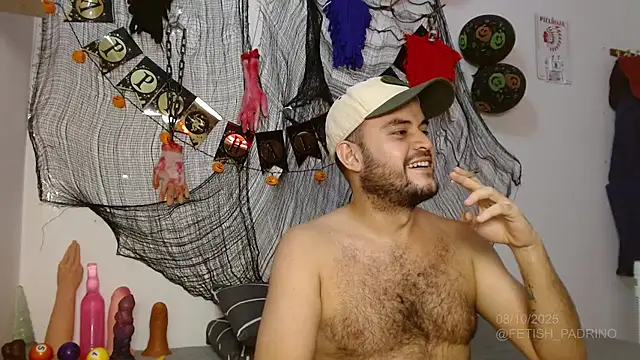 Snapshot of fetish_padrino chatting on 10-09-25, 02:45 fetish padrino online show from 10-09-25, 02:45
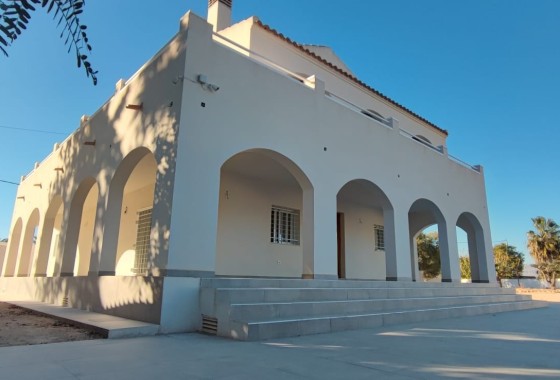 Herverkoop - Finca Landelijk pand -
Catral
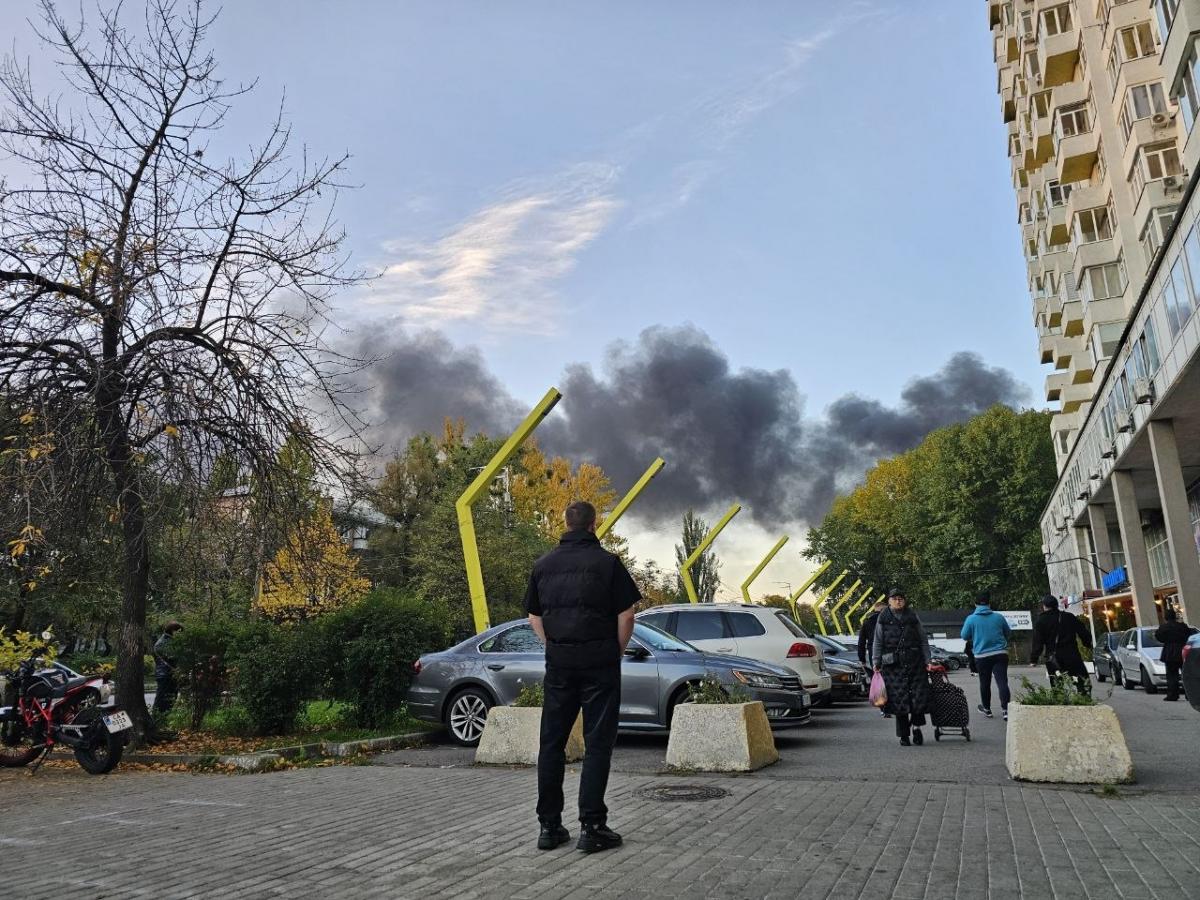 У низці районів Києва після 'прильоту' виникли масштабні проблеми зі світлом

▸ What you are asked to do: Reproduce the whole listing word for word, setting aside any pictures.

▸ Exercise result:
 Snapshot of fetish_padrino chatting on 10-09-25, 02:45 fetish padrino online show from 10-09-25, 02:45
 Herverkoop - Finca Landelijk pand -
Catral
 У низці районів Києва після 'прильоту' виникли масштабні проблеми зі світлом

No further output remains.